Contém-se aí uma disposição – a do art. 113 – relativa ao contrato de trabalho. Esta, no entanto, apenas versa sobre o destino do contrato na perspetiva da insolvência do trabalhador, pelo que se entende que estão excluídos do seu âmbito de aplicação os efeitos sobre os contratos de trabalho quando ocorre a insolvência do empregador.

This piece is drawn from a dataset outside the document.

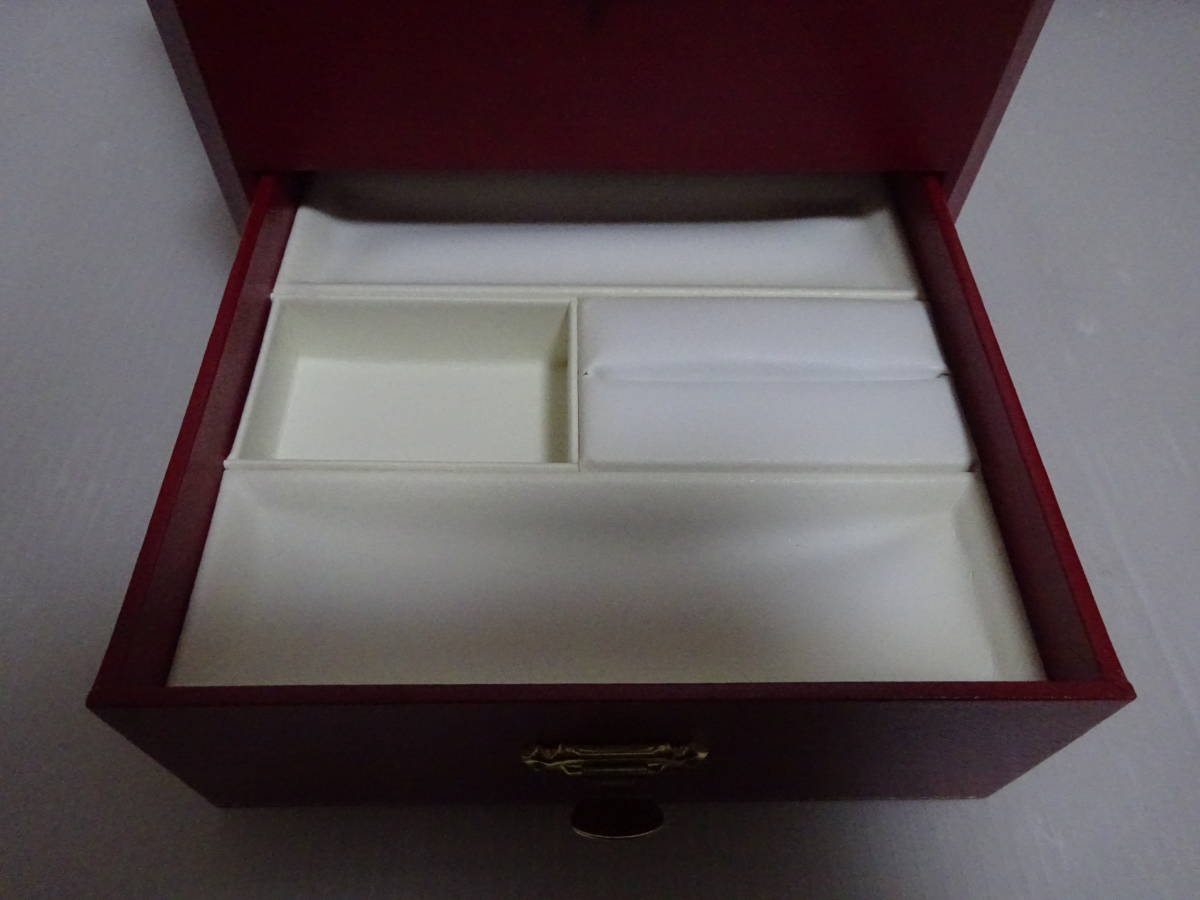 美品 Cartier カルティエ 高級腕時計用 箱 ケース カルティエ Cartier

Para Pedro Romano Martinez (“Apontamentos sobre a cessação do contrato de trabalho à luz do Código de Trabalho”, Lisboa: AAFDL, 2004, pp. 51 e ss.), aos casos de insolvência do empregador, deve aplicar-se o art. 111 do CIRE, preceito onde se regulam os efeitos da declaração de insolvência nos contratos que impliquem a realização de uma prestação de serviço duradoura. De acordo com o autor, os contratos de trabalho não se extinguem por caducidade aquando da declaração de insolvência. Sem prejuízo, depois da declaração, os contratos podem ser denunciados pelo administrador da insolvência com um pré-aviso de sessenta dias (art. 108/1 ex vi art. 111/1), implicando esta denúncia antecipada o pagamento de uma compensação ao trabalhador calculada nos termos do art. 108/3 do CIRE.
Este entendimento é, todavia, rebatido pelos demais autores que se pronunciam sobre a questão.

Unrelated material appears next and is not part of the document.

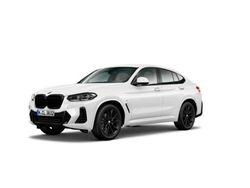Blanco Usado 2025 BMW X4 xLine SUV | 63.900 € (Caro)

Assim, Maria do Rosário Palma Ramalho (“Aspetos Laborais da Insolvência. Notas breves sobre as implicações laborais no regime do Código da Insolvência e Recuperação de Empresas”, AAVV, Estudos em memória do Professor Doutor José Dias Marques, Coimbra: Almedina, 2007, pp. 695-696) exclui a aplicação do art. 111 com base num argumento literal, num argumento dogmático, num argumento teleológico e num argumento de natureza constitucional.
Do ponto de vista literal, o regime da insolvência distingue contrato de trabalho de contrato de prestação de serviço, referindo-se especificamente àquele nos arts. 113 e 277 do CIRE, o que evidencia que o legislador não o quis incluir na previsão da norma do art. 111, que ademais se refere a contratos de prestação duradoura de serviços realizados no interesse do insolvente, o que afasta o contrato de trabalho, na medida em que nele está sempre em causa (também) o interesse do trabalhador.

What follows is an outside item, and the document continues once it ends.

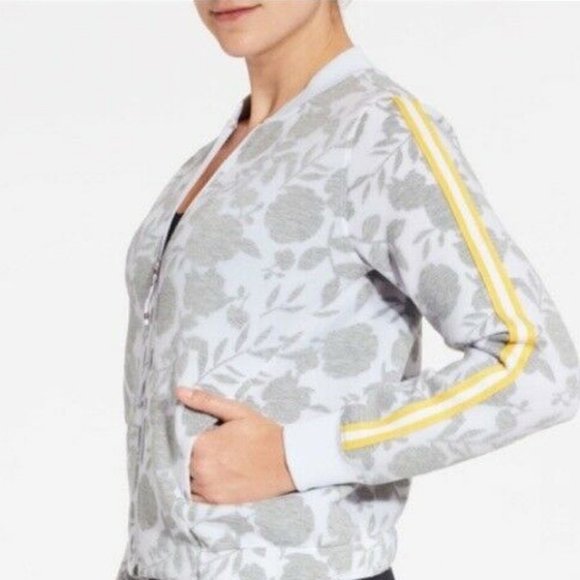 NWOT Calia/Carrie Underwood Burnout Spacer Jacket - Picture 2 of 8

Do ponto de vista dogmático, o nosso sistema jurídico tem presente a distinção entre contrato de prestação de serviço e contrato de trabalho, delimitando-os legalmente (arts. 1152 e 1154 do Código Civil e art. 11 do CT). Não é, portanto, de admitir que o CIRE preveja a aplicação do mesmo regime a dois contratos tão distintos, afastando-se dessa orientação geral.
Do ponto de vista teleológico, da aplicação do art. 111 resultaria, para o administrador da insolvência, o direito potestativo de denunciar o contrato de trabalho nos sessenta dias após a declaração de insolvência, o que estaria em contradição com o dever de prover à continuação da exploração da empresa previsto no art. 55/1, b).
Do ponto de vista constitucional, ao conceder ao administrador da insolvência a liberdade de denunciar o contrato de trabalho, o legislador estaria a permitir que o princípio da proibição dos despedimentos sem justa causa, consagrado no art. 53 da CRP, fosse contornado, criando uma forma de cessação do contrato de trabalho tipificada na lei laboral.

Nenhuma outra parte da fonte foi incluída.